─── PROVIDED RECORDS ───
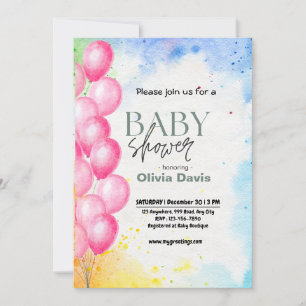 Pink Baloon Baby Shower Invitation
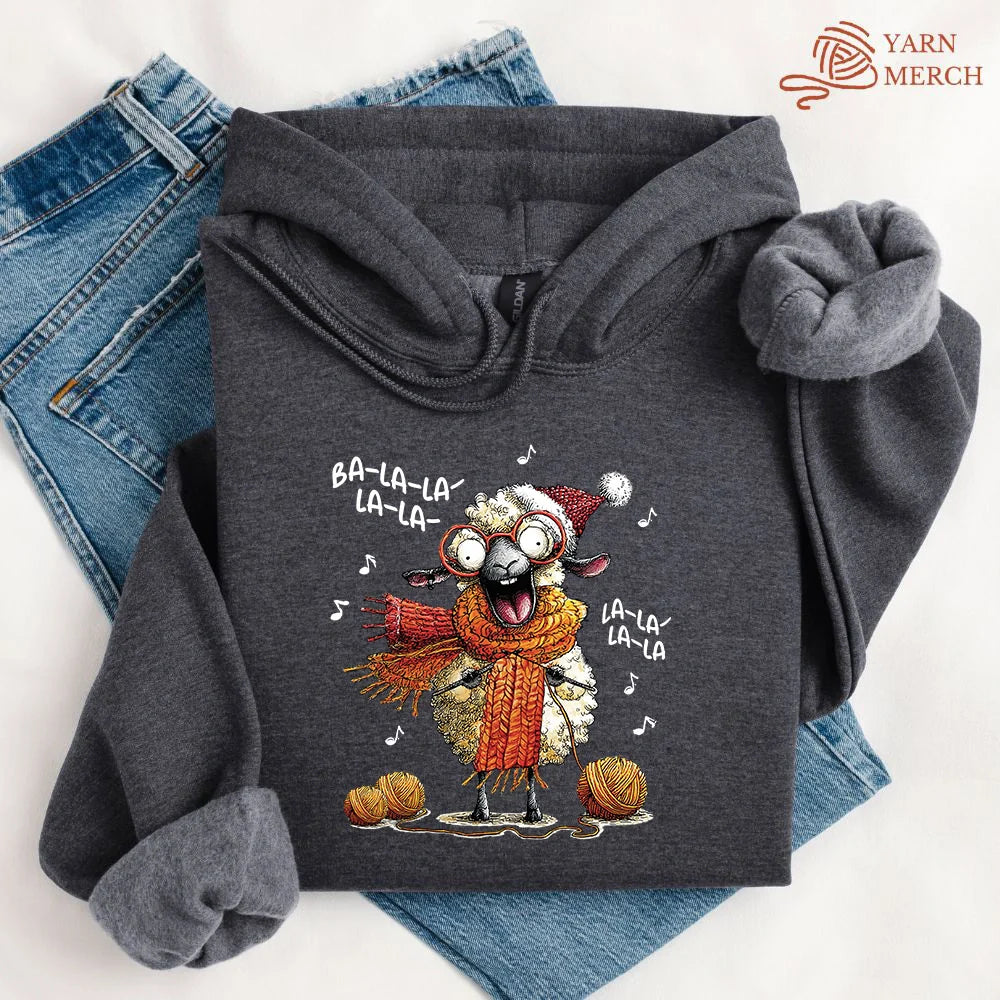 Fa-la-la Knitting Sheep Hoodie
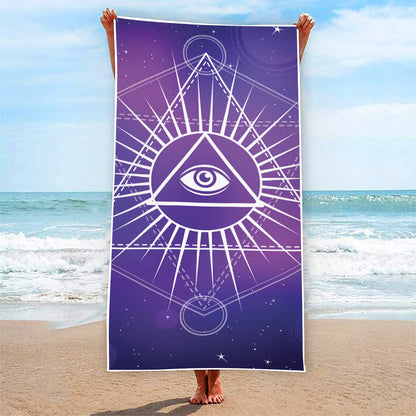 Galaxy Eye of Providence Print Beach Towel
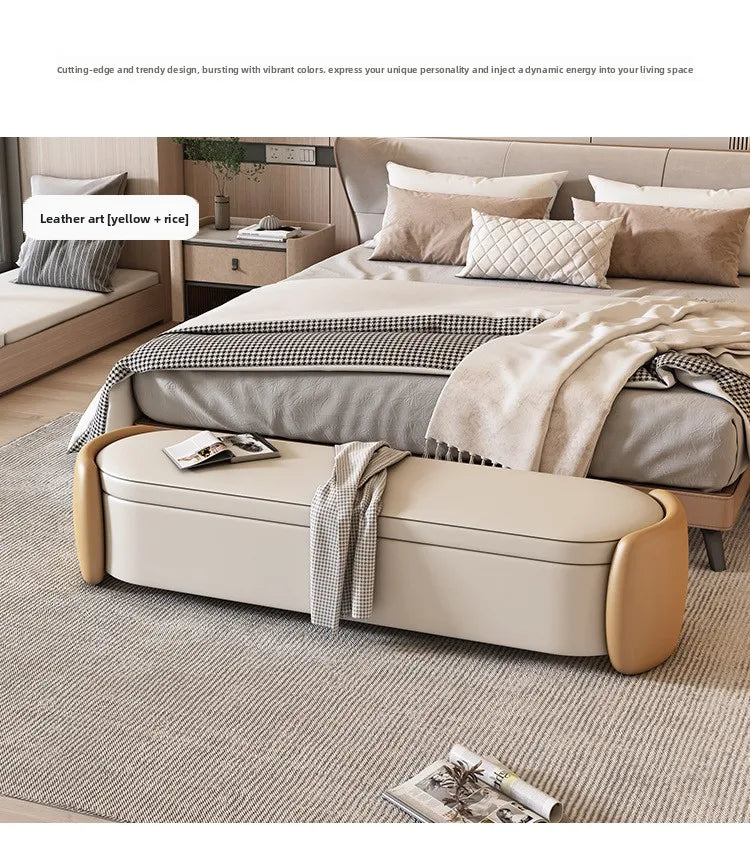 Modern Faux Leather Storage Ottoman Bench – Upholstered End-of-Bed Seat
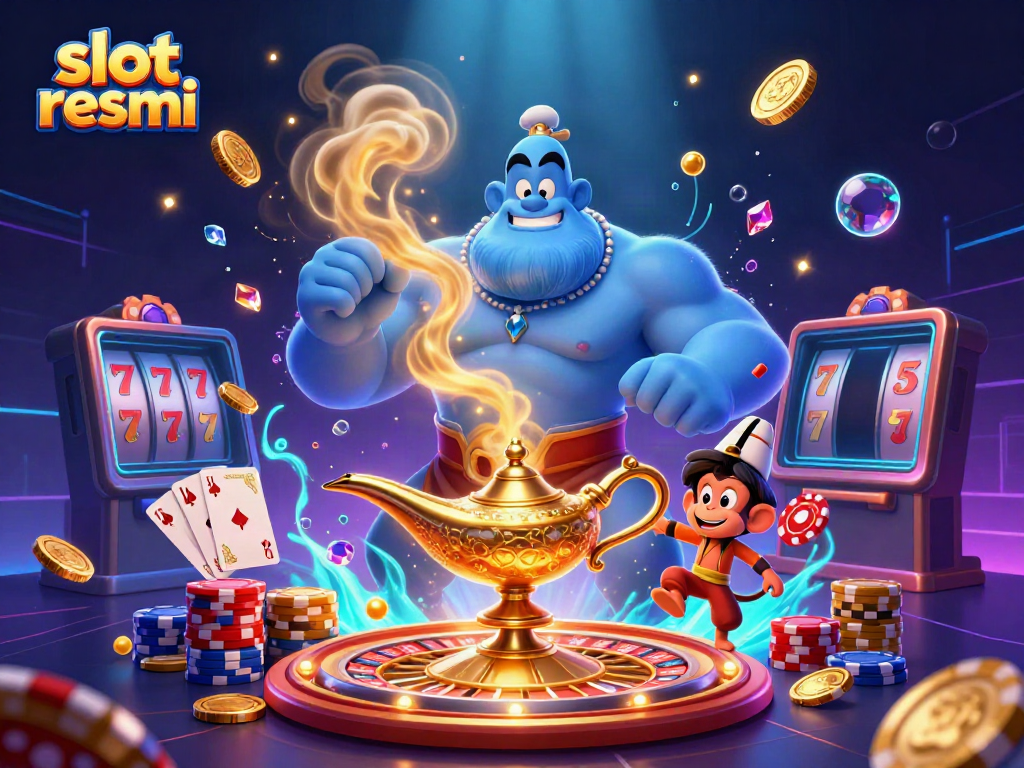 Slot resmi dengan jin biru dan koin emas, menyajikan pengalaman permainan yang mendebarkan.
───
:: ASSIGNMENT ::
Set down every entry exactly as it appears, but skip the pictures.

:: ANSWER ::
 Pink Baloon Baby Shower Invitation
 Fa-la-la Knitting Sheep Hoodie
 Galaxy Eye of Providence Print Beach Towel
 Modern Faux Leather Storage Ottoman Bench – Upholstered End-of-Bed Seat
 Slot resmi dengan jin biru dan koin emas, menyajikan pengalaman permainan yang mendebarkan.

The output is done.